TRUSTING OURSELVES

 This week's affirmation reads -  I have a divine right to trust myself and my intuition. For I have come to know that I have my very own divinely ordained internal navigation system, designed for my protection from things not aligned with my truest, highest self. I need only connect with it and harness its wisdom and insights to distance myself from all things not in my favor.


In our effort to survive hostility and violence from our intimate relationships, we learn that we aren't privy to express the very nature of the people and circumstances that hurt us.

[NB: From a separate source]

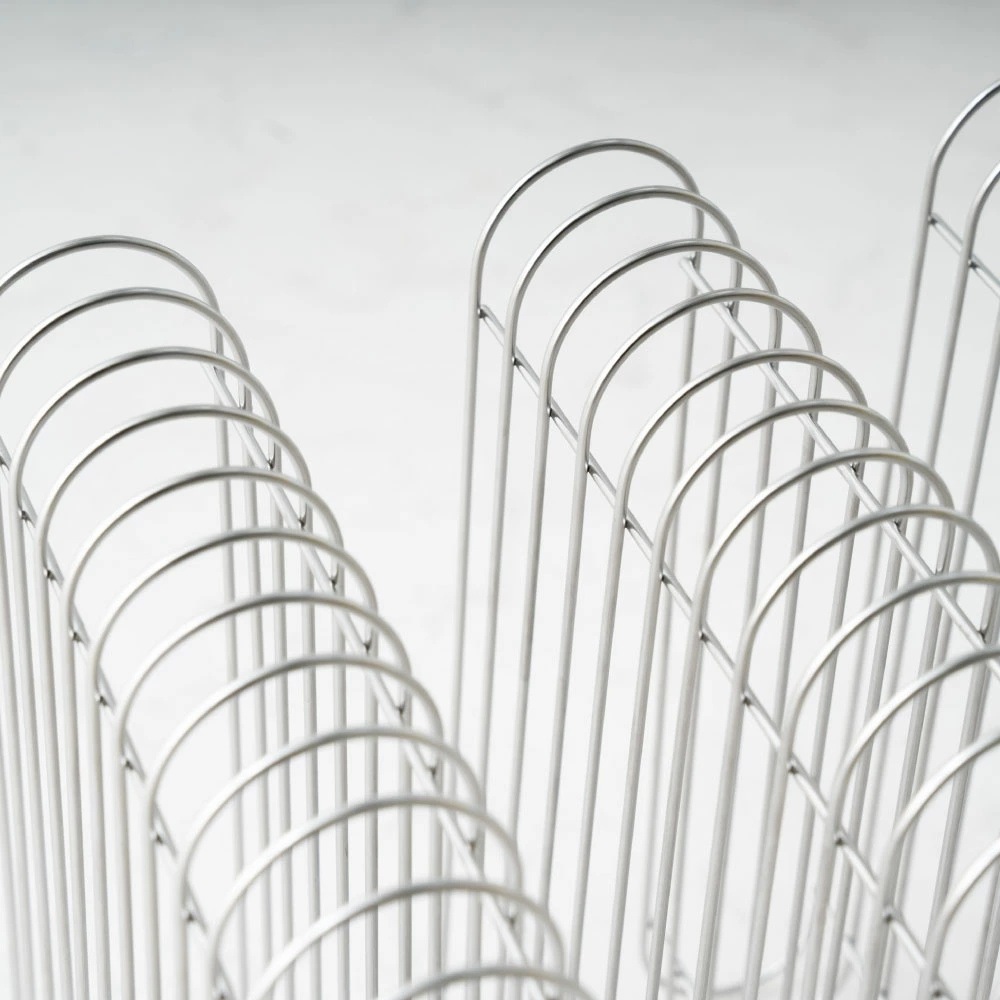 マガジンラック シルバー マガジンホルダー ニュースペーパースタンド スタンド ウェーブ ビンテージ 本 絵本 雑誌 おしゃれ 収納 インテリア 本 ラック ブックスタンド オブジェ 韓国 マガジンラック シルバー マガジンホルダー ニュースペーパースタンド スタンド ウェーブ ビンテージ 本 絵本 雑誌 おしゃれ 収納 インテリア 本 ラック ブックスタンド オブジェ 韓国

 In turn, we shut down from the stimuli of facing circumstances that are traumatizing, harmful and derogatory towards us, and in doing so, we impair not only our red - flag detectors and judgments relative to the safeness of a circumstance or person, but we likewise diffuse the strength of future signals of imminent danger, making us highly susceptible to violence, exploitation and the dangers involved in being entangled in unhealthy and dysfunctional relationships.


Our saving grace then, lies within the whispers, both soft and loud, that tell us when a circumstance isn't safe or within our best interest.


It then isn't only our job, but our self-preservatory duty, to listen and take action where necessary to avoid the sting of malevolence, dysfunction and degradation from unhealthy people and dystrophic circumstances.


For we each of us have our very own divinely ordained connection to an abundance of universal wisdom, designed for both our greatest good and our protection.


We need only utilize it to help us as we walk our earthly journey.


It is always in our best interest to trust our intuitions, introspections and likewise, the signals of dissonance and confusion we receive from things that aren't aligned with our greater good.


We are deserving of unconditional love and of developing healthy relationships that don't hurt or seek to exploit us...Always.


And they are always within our reach. 


We need only reject low quality lifestyles so as to connect with the divine gifts of social circles of folks just like us, who share the same values we do.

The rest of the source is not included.